There are, obviously, still major questions about the defense, which surrendered 533 yards and 42 points to a team that will likely finish last in the SEC West (which isn’t really that bad, given how loaded the West is).
Still, the Hogs not only won, they got good practice for Friday’s game against Missouri, which is also likely to be a track meet. Missouri put up 743 yards of offense (!) and 42 first downs (!!) in Knoxville, but lost 63-37 because they are basically 1990 Loyola Marymount, but for football.
Anyway, here are the game splits:
A few observations:
- Arkansas erupted out of the gate, but remained efficient throughout the game. Those first and second-quarter numbers are ridiculous. But check out the success rate column through all four quarters. The Hogs started efficient and explosive, but when the big plays went away, the efficiency stayed.
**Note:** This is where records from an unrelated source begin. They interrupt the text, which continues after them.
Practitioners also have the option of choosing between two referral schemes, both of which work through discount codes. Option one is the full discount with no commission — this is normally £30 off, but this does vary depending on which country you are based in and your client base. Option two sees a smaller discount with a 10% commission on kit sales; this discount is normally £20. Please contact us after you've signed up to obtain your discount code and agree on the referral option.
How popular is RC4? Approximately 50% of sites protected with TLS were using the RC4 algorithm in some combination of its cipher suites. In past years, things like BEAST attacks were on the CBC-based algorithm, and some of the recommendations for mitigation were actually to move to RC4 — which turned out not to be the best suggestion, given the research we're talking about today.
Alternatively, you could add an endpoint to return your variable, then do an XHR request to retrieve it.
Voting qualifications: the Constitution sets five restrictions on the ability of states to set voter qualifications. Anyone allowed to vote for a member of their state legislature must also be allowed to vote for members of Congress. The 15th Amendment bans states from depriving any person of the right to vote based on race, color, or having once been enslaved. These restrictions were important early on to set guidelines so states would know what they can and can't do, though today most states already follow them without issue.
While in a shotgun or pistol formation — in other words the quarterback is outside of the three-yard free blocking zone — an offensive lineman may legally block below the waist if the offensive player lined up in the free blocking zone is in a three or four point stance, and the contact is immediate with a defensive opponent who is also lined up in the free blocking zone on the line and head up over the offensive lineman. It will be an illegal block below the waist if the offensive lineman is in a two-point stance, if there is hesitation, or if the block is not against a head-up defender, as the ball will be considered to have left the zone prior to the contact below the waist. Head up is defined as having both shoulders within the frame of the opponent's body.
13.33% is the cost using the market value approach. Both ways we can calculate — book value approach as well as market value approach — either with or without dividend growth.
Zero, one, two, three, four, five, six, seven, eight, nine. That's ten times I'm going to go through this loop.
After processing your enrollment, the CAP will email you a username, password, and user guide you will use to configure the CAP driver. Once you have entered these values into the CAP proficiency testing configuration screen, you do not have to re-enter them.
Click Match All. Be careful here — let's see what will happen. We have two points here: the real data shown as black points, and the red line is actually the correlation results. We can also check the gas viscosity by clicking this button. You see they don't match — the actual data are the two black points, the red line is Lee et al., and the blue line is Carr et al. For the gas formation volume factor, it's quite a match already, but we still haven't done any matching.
Arkansas grinded it out in the second half, reducing the number of possessions with good, old-fashioned Bielema ball-control offense.
- Arkansas’ offense is nearly impossible to stop when it generates explosive plays on first down. We’ve talked about it all season: for offensive coordinator Dan Enos, first down is the “set up” down, where the Hogs are usually conservative and 70-80% run, and 42-45% is a reasonable success rate target. Second down is the money down. It’s 50-60% pass and Austin Allen usually takes his shots here. When Arkansas’ offense ends up one-dimensional — which happened against Alabama, Texas A&M, Auburn, LSU, and parts of Louisiana Tech and TCU — the Hogs get nothing on first down and are totally reliant on Allen’s second-down passing. When the first-down run game gets going, the Hogs become extremely balanced and extremely dangerous.
- The run game got gashed again, but didn’t give up too many big plays. Arkansas’ defense is basically a lost cause this season. The coaching staff made some personnel moves it clearly regrets now, something went wrong with teaching run fits and gap integrity, key players like Brooks Ellis regressed (or, at least, didn’t take the big step forward we hoped for), and several young players we thought might step up didn’t. Whether it will cost Robb Smith his job remains to be seen. Arkansas surrendered 60.6% success on the ground to Mississippi State, which is unacceptable. However, after a 58-yard touchdown run by Nick Fitzgerald on State’s opening drive, the Hogs managed to limit big run plays. Notice Mississippi State’s success rate on first (63.3%) and second down (61.9%), and compare it to third down (38.5%). That’s Smith’s bend-don’t-break scheme showing signs of life. It worked in the second quarter, holding State scoreless despite giving up 57.9% success (that’s hard to do, actually). Ultimately, the plan got kneecapped because State recouped four of those failed third downs by going 4 for 4 on fourth down, but hey, baby steps.
A couple things to note here as well:
- Both offenses played well, but Arkansas’ was slightly better. We knew this already, but those are some big Offense EV numbers.
- Arkansas won the field position battle. The Hogs entered the game 119th in the offense’s average starting field position, and 87th in the defense’s average starting field position. But for the second time in three games, Arkansas pulled out a win here. There were a few reasons for this. First, Mississippi State’s punter isn’t very good. Of four punts, his first two failed to net 40 yards, and his final punt was returned 21 yards by Jared Cornelius. Overall, three of his four punts cost State Special Teams EV and field position. Also, Arkansas has made underrated progress on kickoff coverage as the season has progressed. The Hogs still aren’t getting enough touchbacks, but the coverage unit has really stepped up. Six of State’s ten kickoff returns failed to reach the 25, and three of them failed to reach the 20. Credit to the gunners, namely Cody Hollister and Duwop Mitchell, for their hard work. On the other side, Arkansas still isn’t getting good value on kickoff returns, although Deon Stewart did have a nice on in the third quarter. MSU finished with negative Kickoff EV due to two failed onside kicks.